LangChain’s core abstraction layer has 67,700 lines of code (S2E04 data), but its most active external contributions aren’t in the core — they’re in the integrations/ directory’s third-party tool adapters. LobeHub has over 400 community-contributed AI model providers, but changes to the core agent runtime come almost entirely from the internal team.
The pattern is consistent: external trust starts from the leaves; core trust requires deeper understanding to earn.
Not All Leaves Are Good Contribution Surfaces
A counterexample.
OPC’s pipeline/ directory contains protocol files — gate-protocol.md, loop-protocol.md, report-format.md. These are also markdown files with fixed structures. But they’re not good contribution surfaces:
Understandable? Partially. You can read each paragraph, but you don’t know how modifying a threshold affects gate decisions.
Modifiable? Yes. Modifying markdown requires no toolchain.
Safe to break? No. Changing the severity mapping rules in gate-protocol.md affects all gate decisions. Maximum degradation scope equals that of core code.
Same markdown format, but roles/*.md is a good contribution surface while pipeline/*.md isn’t. File format doesn’t determine contribution threshold — degradation scope determines contribution threshold.

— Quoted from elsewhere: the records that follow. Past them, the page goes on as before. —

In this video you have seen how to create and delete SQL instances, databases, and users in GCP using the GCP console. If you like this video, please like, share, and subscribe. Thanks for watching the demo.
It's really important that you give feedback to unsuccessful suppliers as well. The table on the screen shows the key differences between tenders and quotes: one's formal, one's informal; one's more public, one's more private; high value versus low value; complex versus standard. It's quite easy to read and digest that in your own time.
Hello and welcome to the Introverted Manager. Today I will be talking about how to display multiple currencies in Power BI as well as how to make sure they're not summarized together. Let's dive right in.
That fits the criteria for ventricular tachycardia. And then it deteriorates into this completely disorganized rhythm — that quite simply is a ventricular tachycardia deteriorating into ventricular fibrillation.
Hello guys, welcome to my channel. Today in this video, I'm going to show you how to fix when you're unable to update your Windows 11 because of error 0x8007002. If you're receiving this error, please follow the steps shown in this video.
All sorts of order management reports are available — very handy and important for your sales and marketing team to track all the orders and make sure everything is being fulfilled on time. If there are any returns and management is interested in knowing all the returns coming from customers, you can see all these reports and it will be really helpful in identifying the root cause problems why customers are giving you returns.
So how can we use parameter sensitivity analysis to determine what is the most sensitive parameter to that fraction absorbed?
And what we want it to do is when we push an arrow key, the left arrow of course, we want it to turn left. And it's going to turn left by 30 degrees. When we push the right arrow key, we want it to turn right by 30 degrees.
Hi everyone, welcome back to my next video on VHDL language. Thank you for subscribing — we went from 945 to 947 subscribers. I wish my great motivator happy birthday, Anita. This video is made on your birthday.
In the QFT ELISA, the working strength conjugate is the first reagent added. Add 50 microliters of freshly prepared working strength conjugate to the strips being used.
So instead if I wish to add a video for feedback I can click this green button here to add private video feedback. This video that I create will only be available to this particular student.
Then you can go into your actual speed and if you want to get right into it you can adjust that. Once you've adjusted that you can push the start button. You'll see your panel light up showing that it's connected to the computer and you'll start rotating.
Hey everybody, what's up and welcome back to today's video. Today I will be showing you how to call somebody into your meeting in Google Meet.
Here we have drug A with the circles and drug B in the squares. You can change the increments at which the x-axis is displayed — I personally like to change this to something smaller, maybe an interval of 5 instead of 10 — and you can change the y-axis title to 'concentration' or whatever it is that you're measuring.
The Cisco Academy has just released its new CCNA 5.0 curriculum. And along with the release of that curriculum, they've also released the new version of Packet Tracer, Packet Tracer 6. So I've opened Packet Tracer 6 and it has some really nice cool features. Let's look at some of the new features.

Design Implications: How to Create Low-Risk Contribution Surfaces
A few actionable principles distilled from the role system experience:
1. Make the format self-explaining. Four-section naming needs no comments — Identity, Expertise, When to Include, Anti-Patterns are their own documentation. If your interface needs a page of docs to explain usage, it’s not self-explaining enough.
2. Let existing instances serve as templates. Don’t write a spec; write one good example file. Contributors will copy-paste and modify, not read specs from scratch. OPC has roles/frontend.md as a template; #24’s Performance role was copied from it.
3. Isolate degradation scope. One role file going wrong doesn’t affect other roles, doesn’t affect gates, doesn’t affect pipeline routing. This isolation isn’t accidental — each role is an independent markdown file, not a section in one large config file. If all roles were defined in a single roles.yaml, a format error in one role could cause the entire file to fail parsing. One file per role is the simplest method for isolating degradation scope.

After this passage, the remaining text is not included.